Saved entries
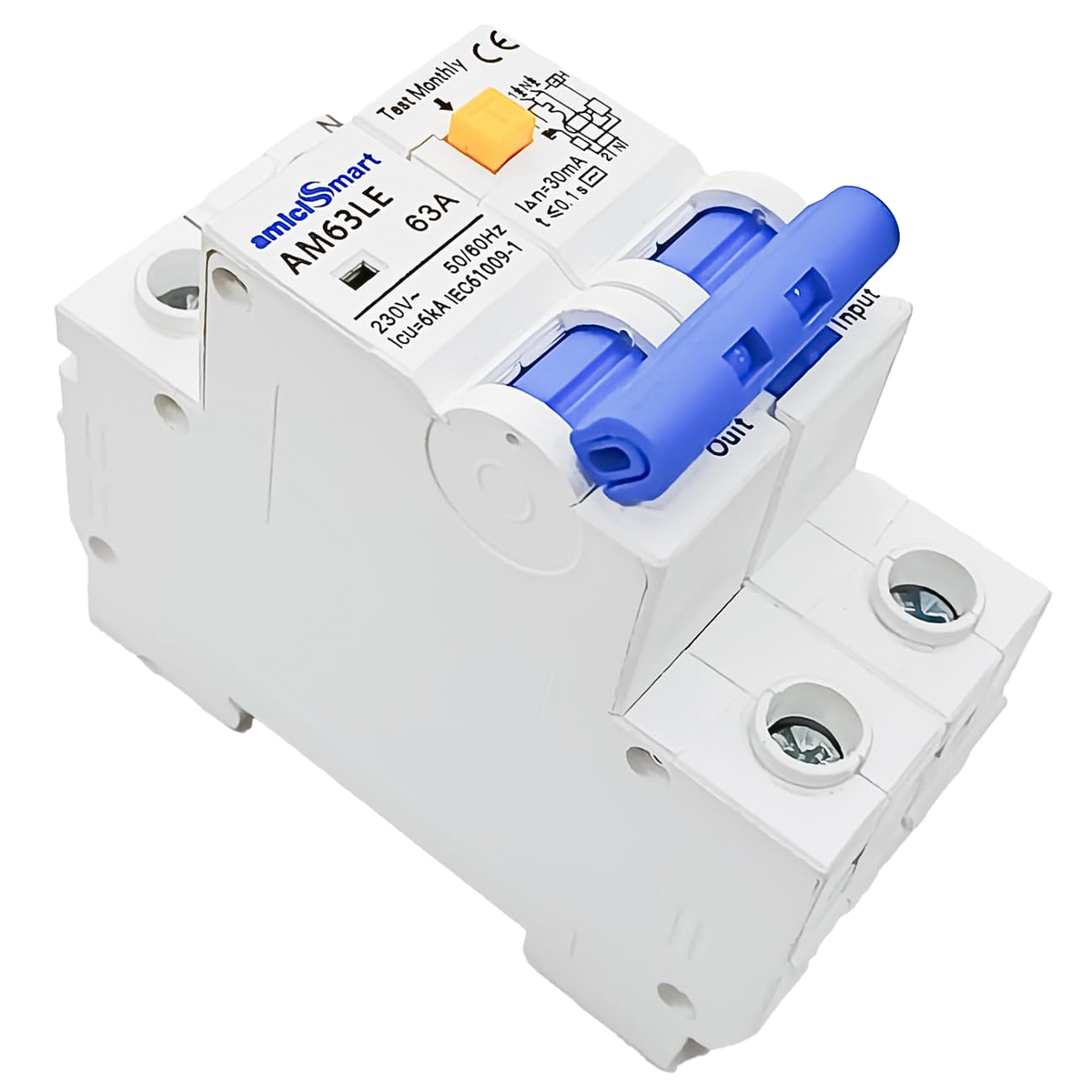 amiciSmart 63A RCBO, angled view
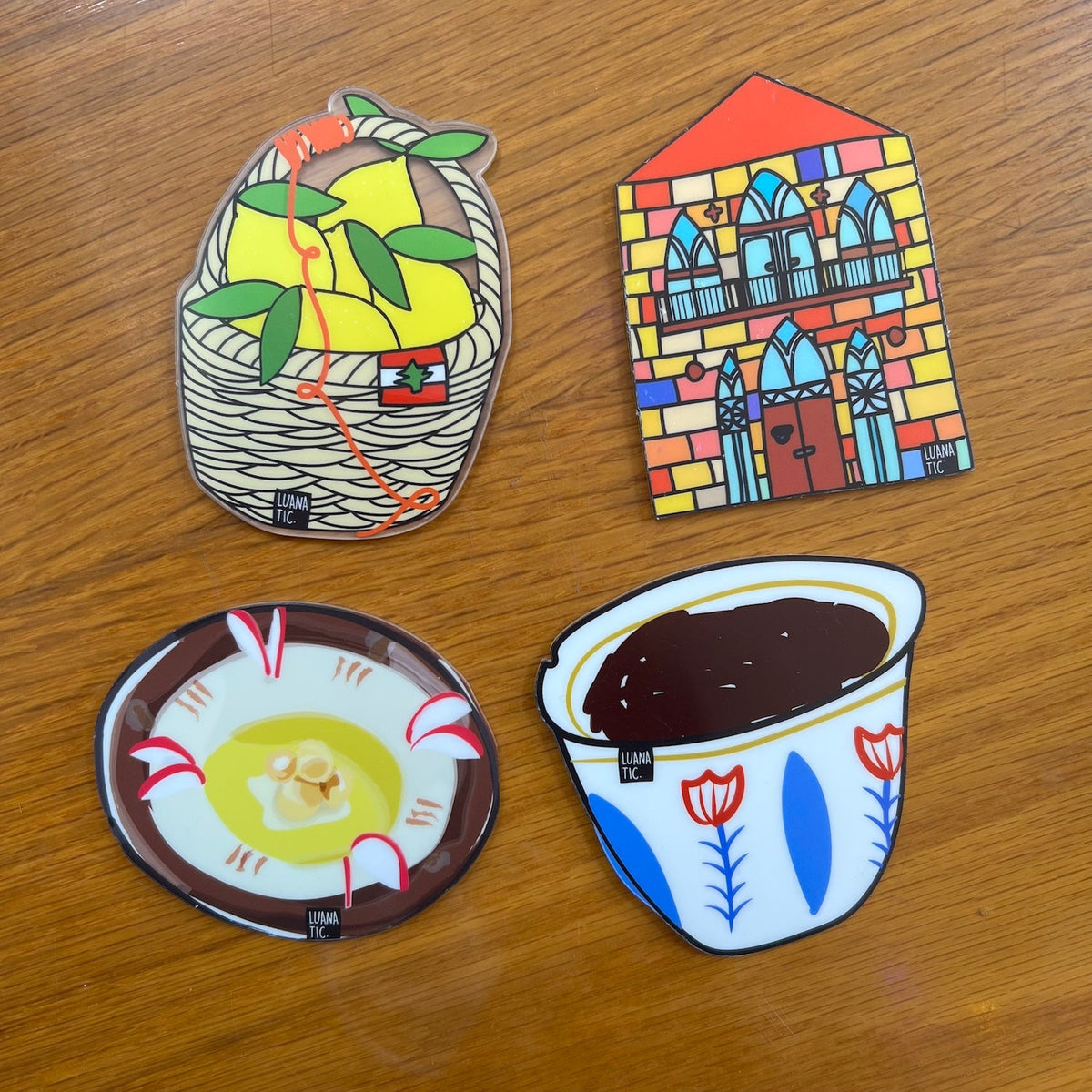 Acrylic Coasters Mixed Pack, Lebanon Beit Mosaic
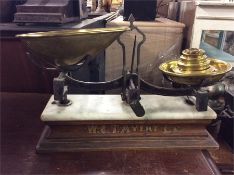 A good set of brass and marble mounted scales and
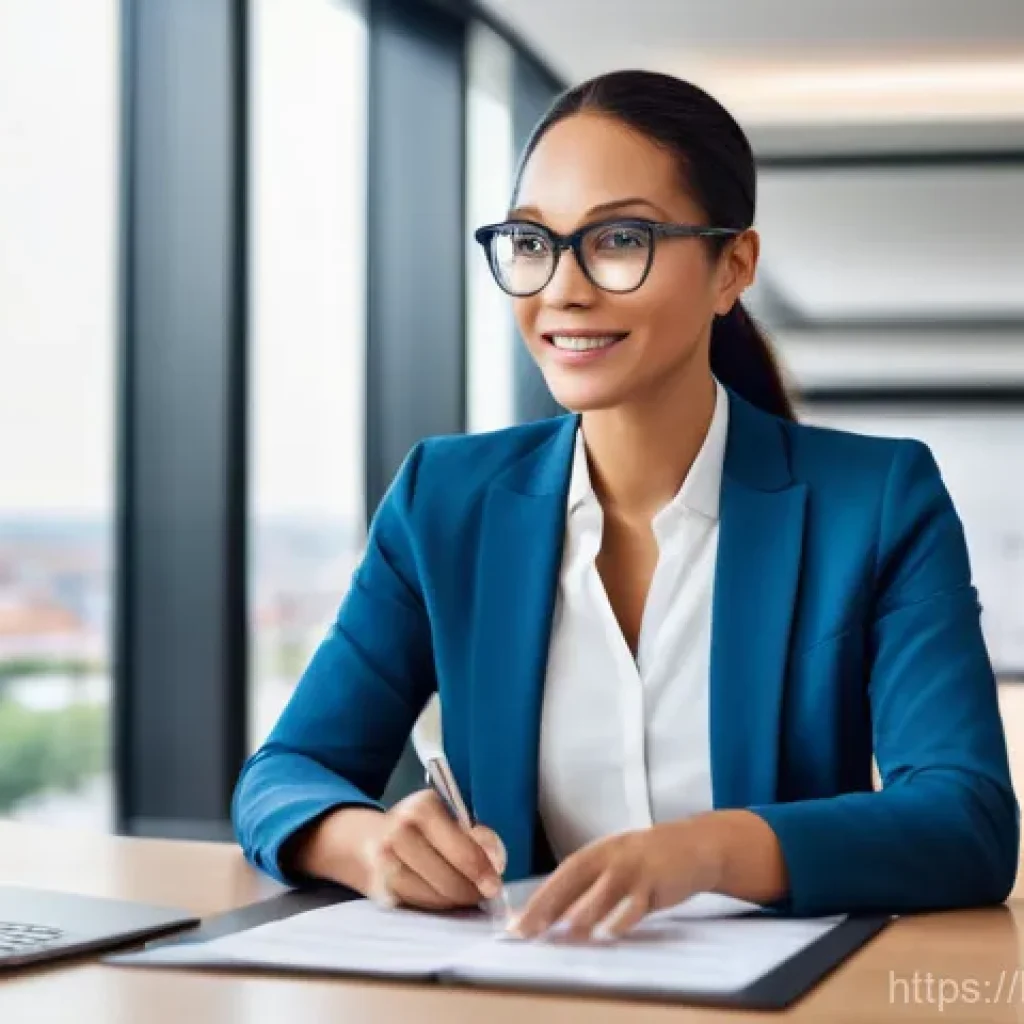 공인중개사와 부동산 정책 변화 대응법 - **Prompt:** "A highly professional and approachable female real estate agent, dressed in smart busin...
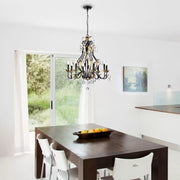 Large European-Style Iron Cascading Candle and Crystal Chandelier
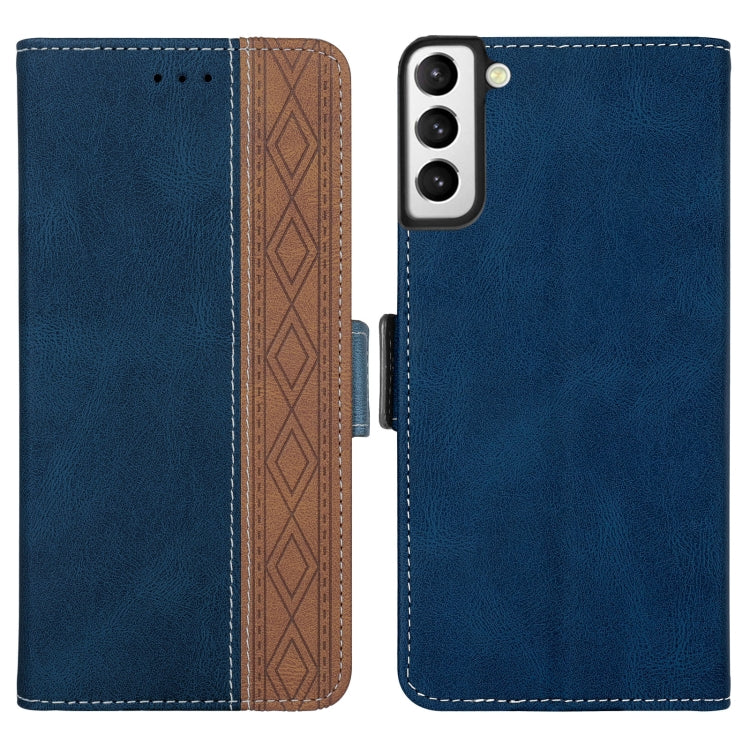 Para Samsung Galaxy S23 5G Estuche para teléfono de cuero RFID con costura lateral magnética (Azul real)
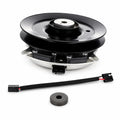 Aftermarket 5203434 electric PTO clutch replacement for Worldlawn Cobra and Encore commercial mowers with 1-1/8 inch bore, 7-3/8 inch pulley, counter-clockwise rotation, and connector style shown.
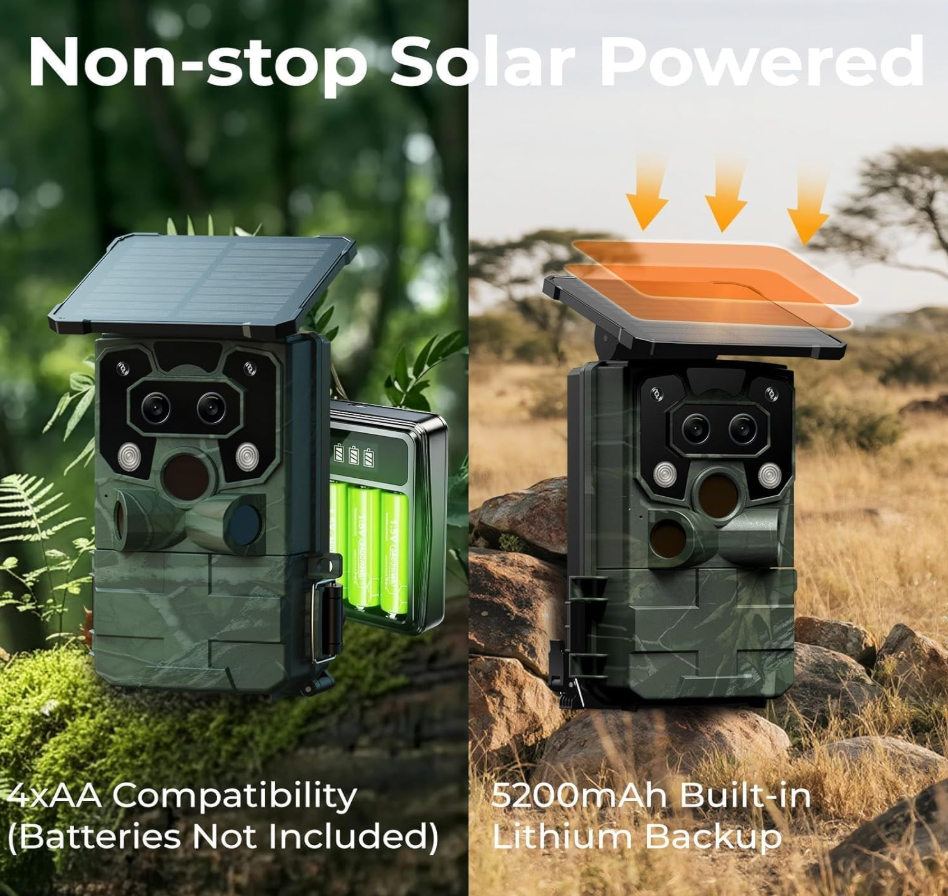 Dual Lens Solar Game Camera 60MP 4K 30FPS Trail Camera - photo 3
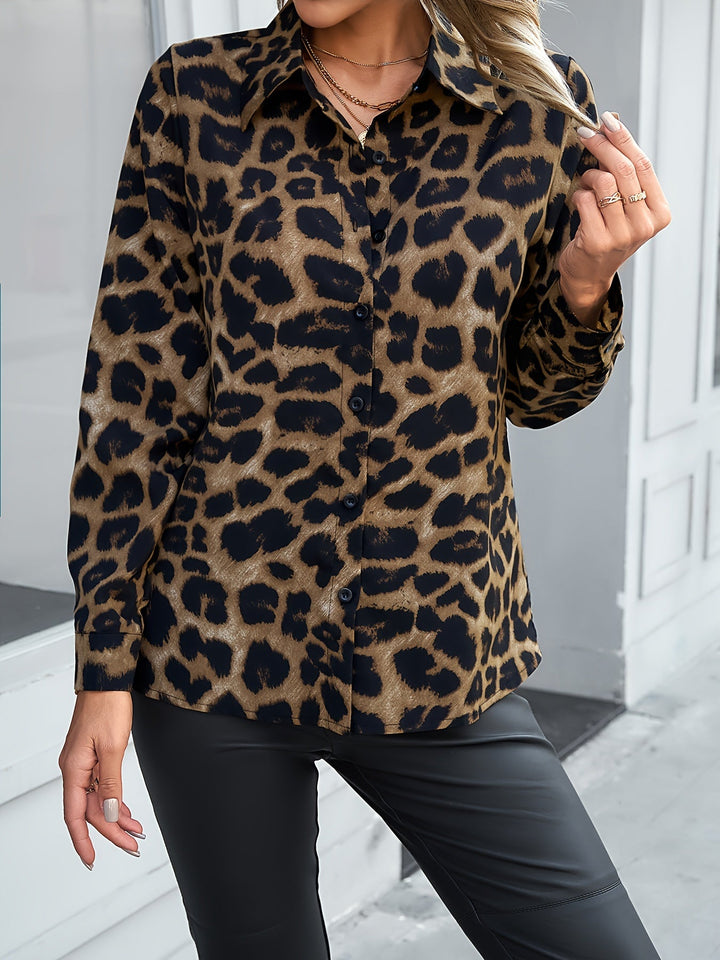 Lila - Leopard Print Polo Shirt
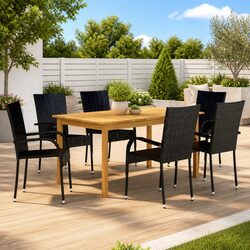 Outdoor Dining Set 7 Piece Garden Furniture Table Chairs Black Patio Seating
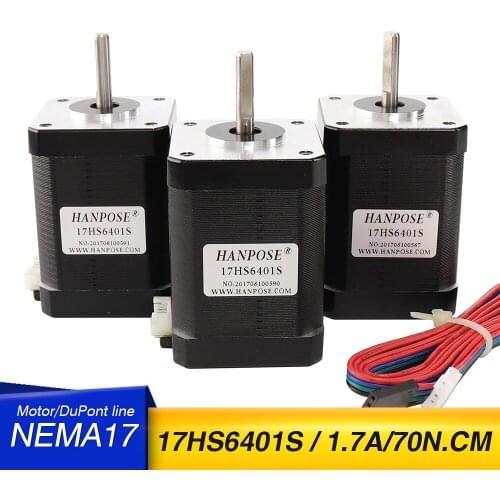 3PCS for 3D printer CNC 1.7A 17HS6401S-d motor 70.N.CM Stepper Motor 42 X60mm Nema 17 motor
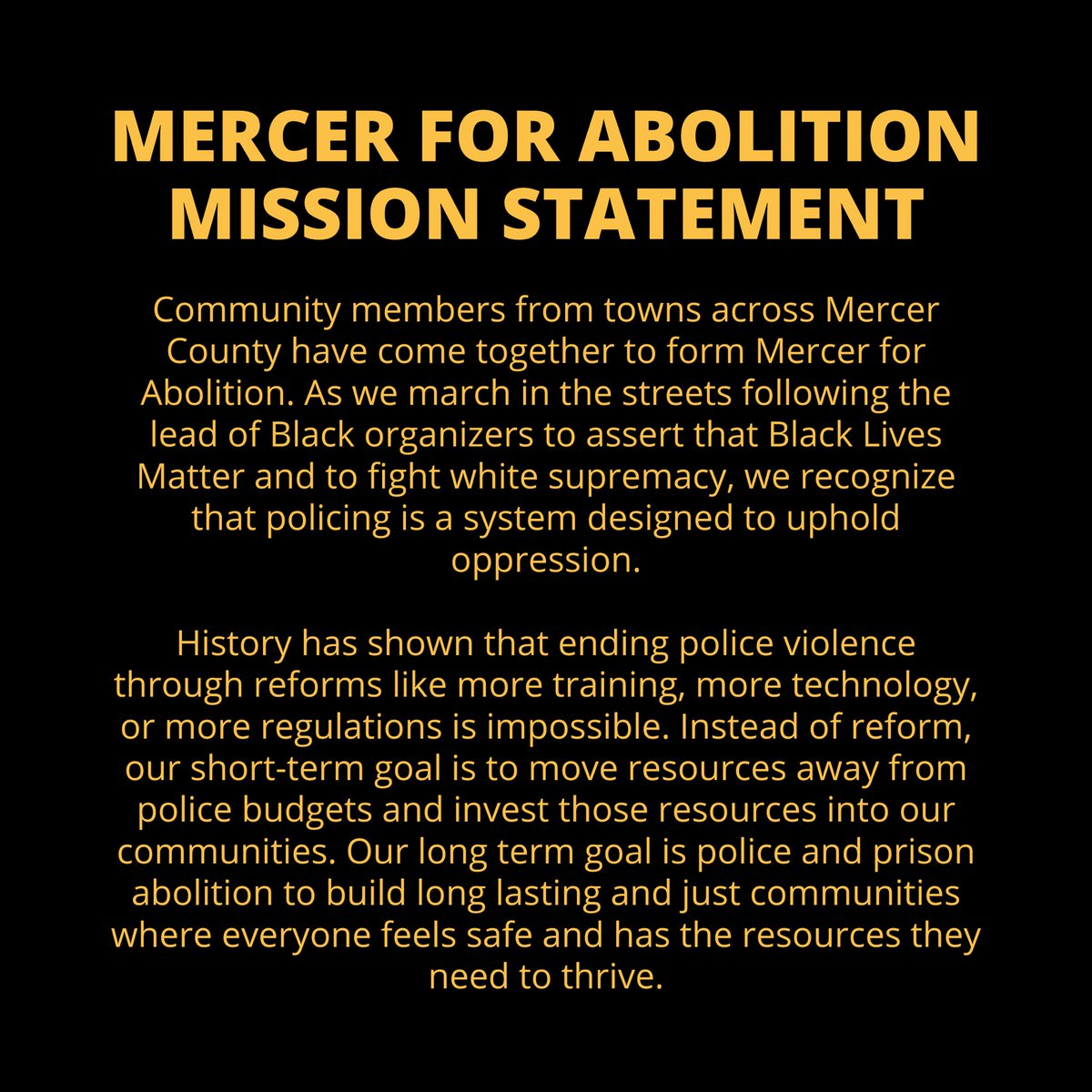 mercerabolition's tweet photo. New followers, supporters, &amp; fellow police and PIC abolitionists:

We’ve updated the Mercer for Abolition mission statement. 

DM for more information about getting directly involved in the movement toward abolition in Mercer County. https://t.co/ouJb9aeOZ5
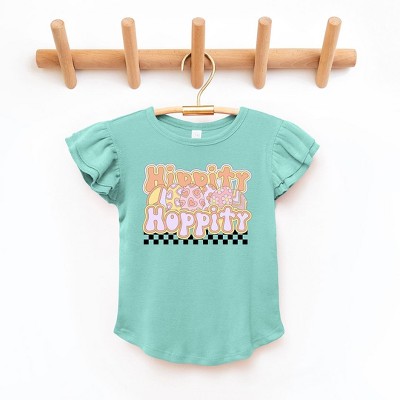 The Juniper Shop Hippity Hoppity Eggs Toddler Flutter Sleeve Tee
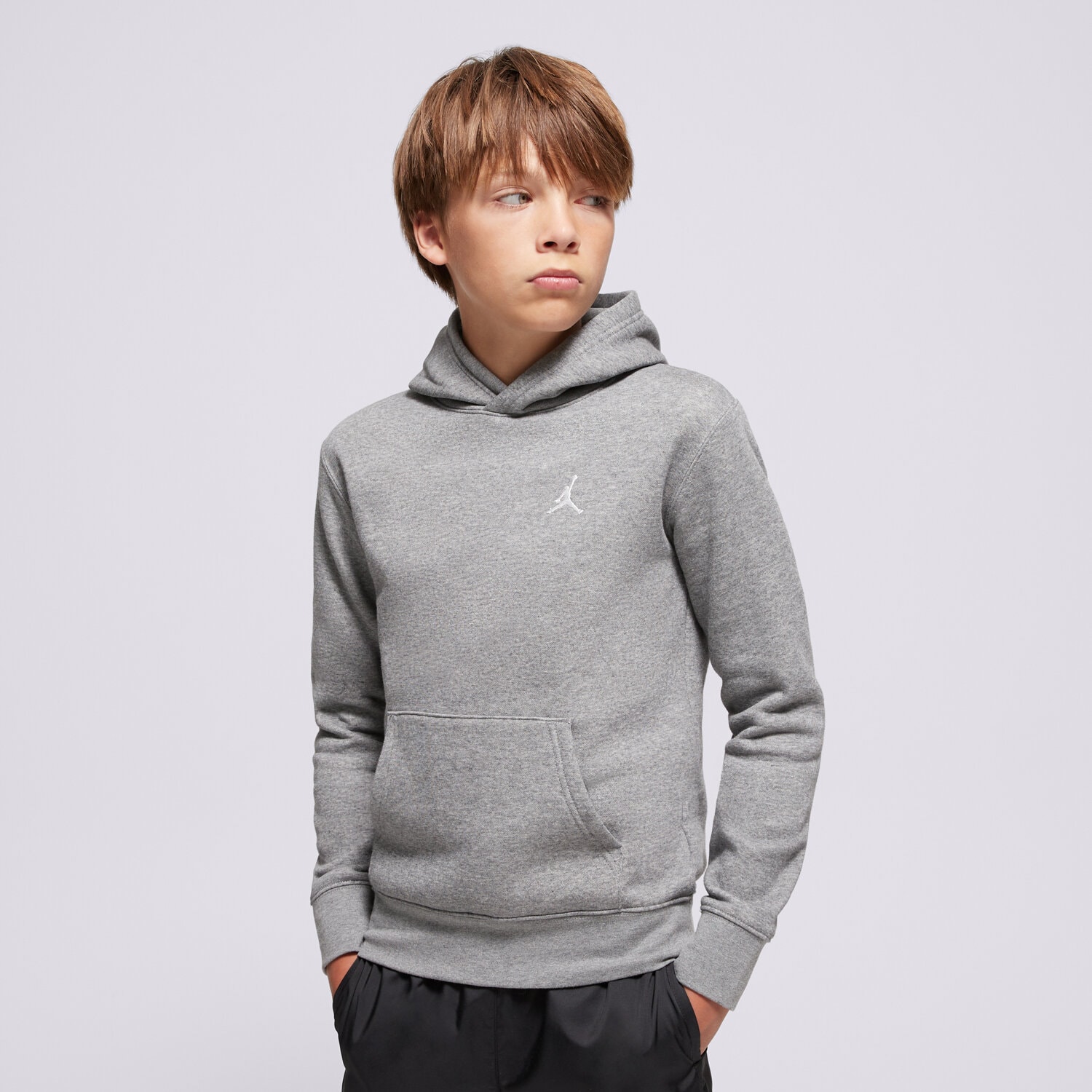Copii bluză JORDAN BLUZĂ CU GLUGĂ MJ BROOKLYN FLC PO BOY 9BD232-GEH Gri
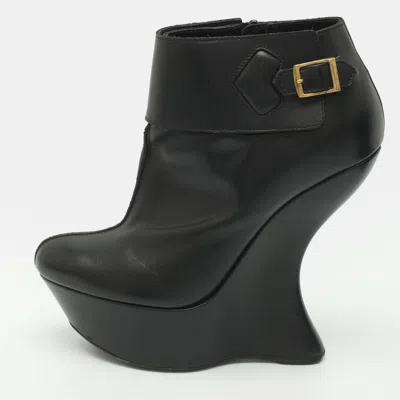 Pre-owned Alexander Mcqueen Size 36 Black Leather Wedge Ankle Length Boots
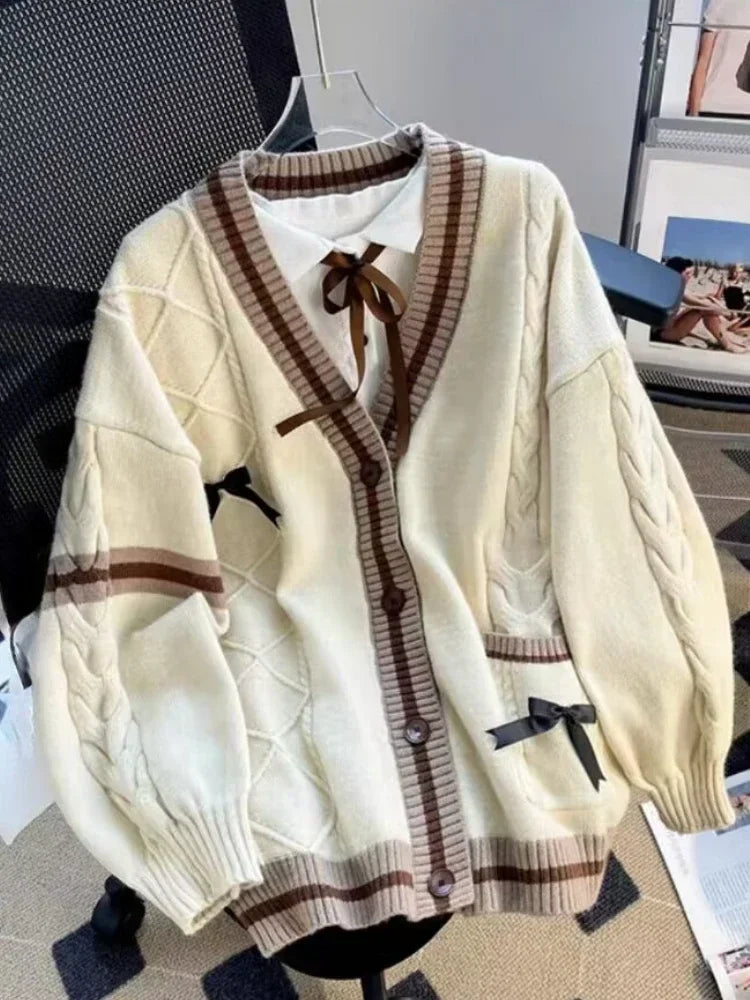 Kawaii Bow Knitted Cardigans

- _Exercise instructions_
Your task is to give again, unchanged, the lines from the line that contains "Copii bluză JORDAN" to the end of the records. Include both end lines but no pictures.

- _Task answer_
Copii bluză JORDAN BLUZĂ CU GLUGĂ MJ BROOKLYN FLC PO BOY 9BD232-GEH Gri
 Pre-owned Alexander Mcqueen Size 36 Black Leather Wedge Ankle Length Boots
 Kawaii Bow Knitted Cardigans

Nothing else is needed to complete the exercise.